Reputation: 12374
I have a little VM for a programming language implemented in C. It supports being compiled under both 32-bit and 64-bit architectures as well as both C and C++.
I'm trying to make it compile cleanly with as many warnings enabled as possible. When I turn on CLANG_WARN_IMPLICIT_SIGN_CONVERSION
, I get a cascade of new warnings.
I'd like to have a good strategy for when to use int
versus either explicitly unsigned types, and/or explicitly sized ones. So far, I'm having trouble deciding what that strategy should be.
It's certainly true that mixing them—using mostly int
for things like local variables and parameters and using narrower types for fields in structs—causes lots of implicit conversion problems.

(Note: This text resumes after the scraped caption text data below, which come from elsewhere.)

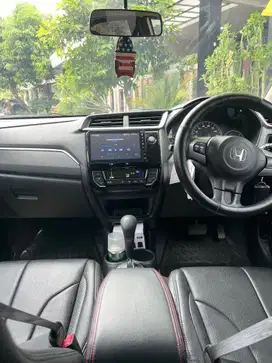 Honda Brio Satya 2022 Bensin
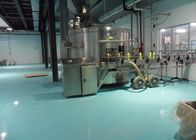Dishwashing Liquid Production Line Stainless Steel 304/316L Material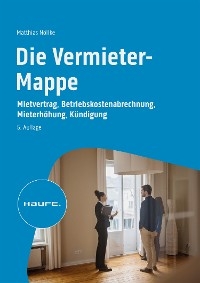 Die Vermieter-Mappe -  Matthias Nöllke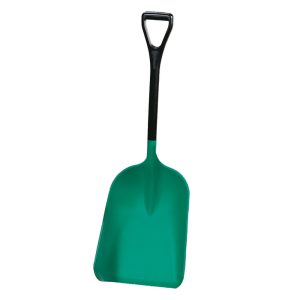 Two-Piece Safety Shovel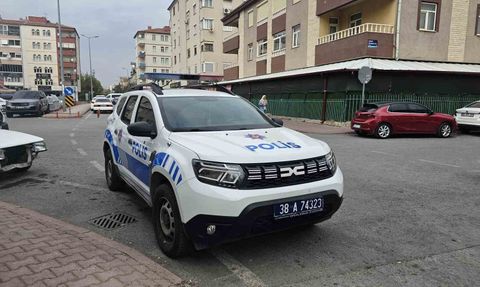 Kayseri'de Pompalı Tüfekle Yaralama Olayı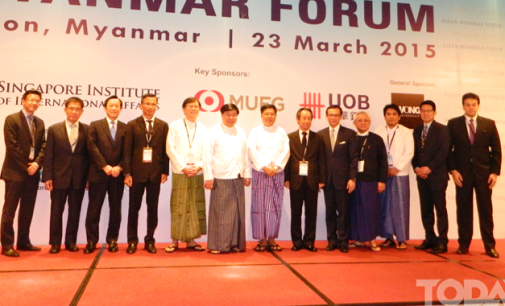 Asean-Myanmar Forum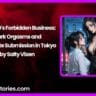 Futa CEOs Forbidden BusinessDark Orgasms and Corporate Submission in Tokyo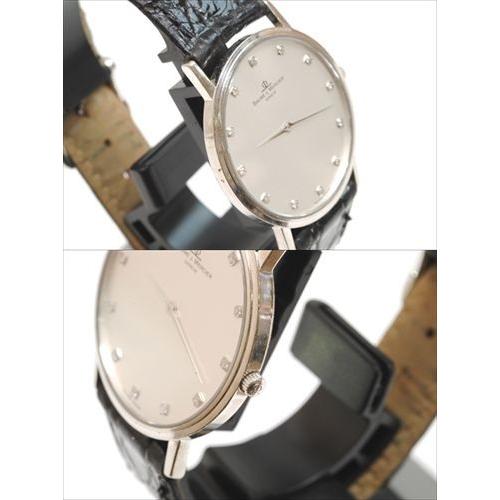 ✨Baume&Mercier✨ボーム＆メルシエ✨クォーツ✨コンビ✨腕時計✨ BAUME&MERCIER（ボーム&メルシエ） BAUME & MERCIER 18K 12P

I do like using more specifically sized types for struct fields because I like the idea of explicitly controlling memory usage for objects in the heap. Also, for hash tables, I rely on unsigned overflow when hashing, so it's nice if the hash table's size is stored as uint32_t
.
But, if I try to use more specific types everywhere, I find myself in a maze of twisty casts everywhere.
What do other C projects do?
Upvotes: 58
Views: 10265
Reputation: 1
Most of the time, using int
is not ideal. The main reason is that int
is signed and signed can cause UB, signed integers can also be negative, something that you don't need for most integers. Prefer unsigned integers. Secondly, data types reflect meaning and a, very limited, way to document the used range and values this variable may have. If you use int
, you imply that you expect this variable to sometimes hold negative values, that this values probably do not always fit into 8 bit but always fit into INT_MAX
, which can be as low as 32767
. Do not assume a int
is 32 bit.
Always, think about the possible values of a variable and choose the type accordingly. I use the following rules:
size_t
except when there are good reasons not to. Almost never use int
for it, a int
can be too small and there is a high chance of creating a UB bug that isn't found during testing because you never tested arrays large enough.size_t
.ptrdiff_t
. But be aware, ptrdiff_t
can be too small, but that is rare.uint_fastN_t
, uintN_t
, or uint_leastN_t
types. This can make a lot of sense especially on a 8 bit microcontroller.unsigned int
can be used instead of uint_fast16_t
, similarly int
for int_fast16_t
.int
. int
can store -1
if you need an indicator for error or not set and a character literal is of type int
. (This is true for C, for C++ you may use a different strategy). There is the extremely rare possibility that a machine uses sizeof(int)==1 && CHAR_MIN==0
where a byte can not be handled with a int
, but i never saw such a machine.After a certain size, a project needs a list/enum
of the native integer data types. You can use macros with the _Generic
expression from C11, that only needs to handle bool
, signed char
, short
, int
, long
, long long
and their unsigned
counterparts to get the underlying native type from a typedefed one. This way your parsers and similar parts only need to handle 11 integer types and not 56 standard integer (if i counted correctly), and a bunch of other non-standard types.
Upvotes: 0
Reputation: 9180
You seem to know what you are doing, judging from the linked source code, which I took a glance at.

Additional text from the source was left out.